You’d think that I’d already have been a Margaret Mary fan. After all, my name is Margaret.1 But I’d always thought of her as some nun Jesus appeared to. Like that’s not a big enough deal to warrant some attention??
And you’d think that I’d already have been a Sacred Heart fan. The statue of the Sacred Heart is my favorite spot on Notre Dame’s campus. I don’t know how many hours I’ve spent sitting outside staring at it. Matthew 11:28-30 (a passage often connected with the Sacred Heart) was my favorite for years. And then there’s the fact that the whole point of the devotion to the Sacred Heart is the burning, passionate, desperate love of God, which is kind of my thing.

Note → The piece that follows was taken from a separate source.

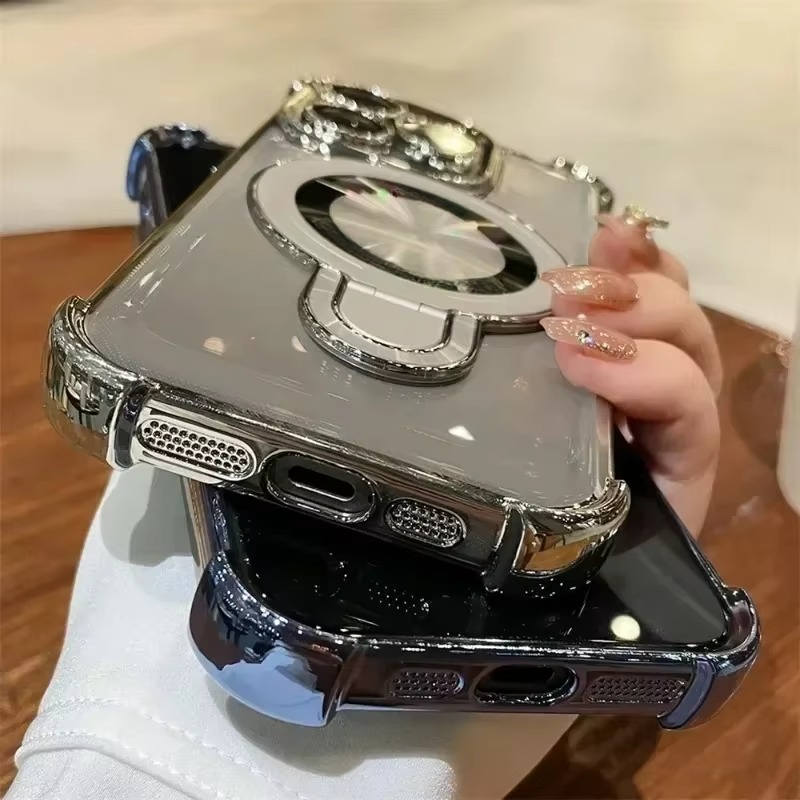 Strong Magnetic iPhone Case with Stand & Extra Protection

But most images of the Sacred Heart don’t really do it for me. There’s something wrong about Jesus’ face. So that’s never been a big devotion of mine.
Until Paray-le-Monial.
And yeah, Margaret Mary’s real body was there, which was cool. And the art was much better than usual. Charles de Foucauld was unexpectedly represented in the apse of the chapel, which was exciting. But I don’t think it was any of that. I think that the Sacred Heart just wanted me to love him.
Here is the Heart of Christ, ripped from his chest for me. It’s marked by the cross, burning with love, and surrounded by the thorns of suffering. It’s rent open, broken for love of me. How can I not love him?
Underneath the relics was the charge Jesus gave to St Margaret Mary: I want you to serve as an instrument to draw hearts to my love.
If there’s any better description of the mission God’s given me, I don’t know what it is.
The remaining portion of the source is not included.